The mid-Atlantic as the site of Plato's Atlantean `continent' (oddly enough, Plato never describes Atlantis as a continent, simply as an island, kingdom and empire) has been a popular theory ever since the appearance of Ignatius Donnelly's ATLANTIS: THE ANTEDILUVIAN WORLD in 1882. The idea of a mother continent from which diffused not simply a global prehistoric culture, who left traces on both sides of the Atlantic, but also flora and fauna, appealed to the world. We now know that much of Donnelly's evidence has either been disproved or attributed better to transatlantic contact with the Americas in ancient times. However, Donnelly's legacy lived on, helped immensely by the inspired readings of American psychic Edgar Cayce, who envisioned an Atlantean continent spreading from the Bahamas to the west coast of Africa.

The announcment of the discovery of underwater features of possible archaeological evidence beneath the shallow waters of the Bahamas back in the late 1960s helped focus attention on the search for Atlantis in the Bahamas, especially a small twin island in the north of the archipelago named Bimini. However, a lack of supporting evidence forced Atlantis enthusiasts to abandon the search in this region in favour of more topical locations, such as the Azores islands on the mid-Atlantic ridge. During the 1970s there were frequent announcements to the effect that some oceanographic survey team, usually from the Soviet Union, had detected underwater walls or carved steps in rocks in the vicinity of the mid-Atlantic. Yet never were these claims ever followed up by scientific reports. Just a few blurry blue pictures would appear in pulp books on the subject, and then nothing more.

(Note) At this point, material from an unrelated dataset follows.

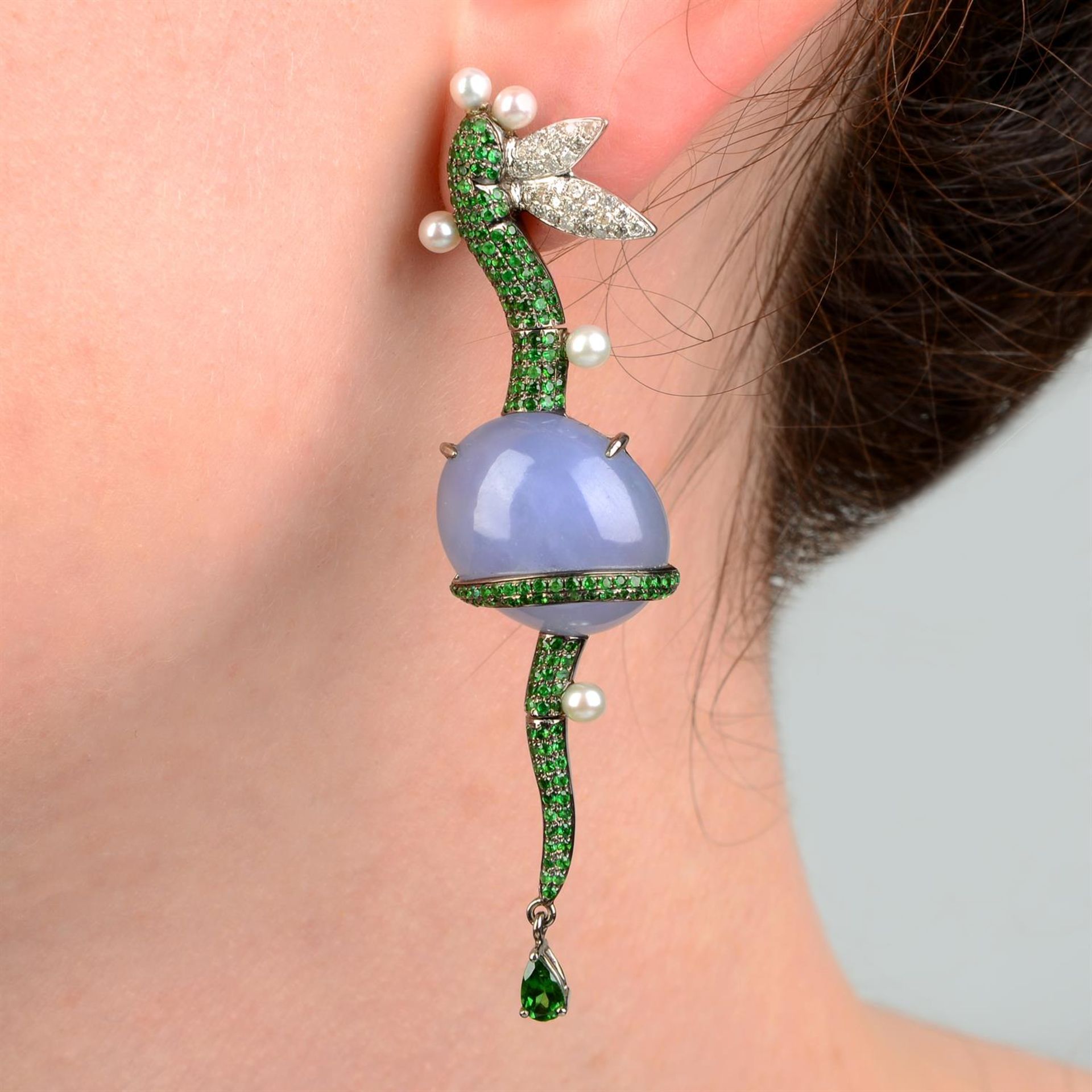 A pair of lavender jade, green garnet, diamond and seed pearl earrings, by Fei Liu.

Atlantis went off the boil during the 1980s and early 1990s, and we have Graham Hancock to thank for bringing it back into popular imagination with his book FINGERPRINTS OF THE GODS in 1995. Overnight, he created a whole new solution to the mystery of Atlantis, stealing the fire away from Rand and Rose Flem-Ath, who had sent Hancock their preliminary research on the subject (duly credited in Hancock's book).

Thus by the year 2000 Antarctica was king of Atlantis, but not for long. My own GATEWAY TO ATLANTIS attempted to upset the apple cart, and certainly succeeded in offering a plausible new alternative to the true location of Atlantis in Cuba. It set the tone, but it was the announcement in May 2001 that underwater features of possible archaeological interest had been found off the west coast of Cuba which has really set the world alight. Even though I have personally remained cautious regarding the significance of these discoveries, they are by far the best chance we have of confirming the reality of Plato's Atlantis, even though I feel ADC might not have what I was looking for in the region. As stated by me elsewhere, we wait with baited breath for future developments in this area, possibly even a National Geographic underwater survey in 2003.

For the moment, it is all eyes towards Cuba for a hoped conclusion to the Atlantis mystery, and I for one hope that it does not let us down.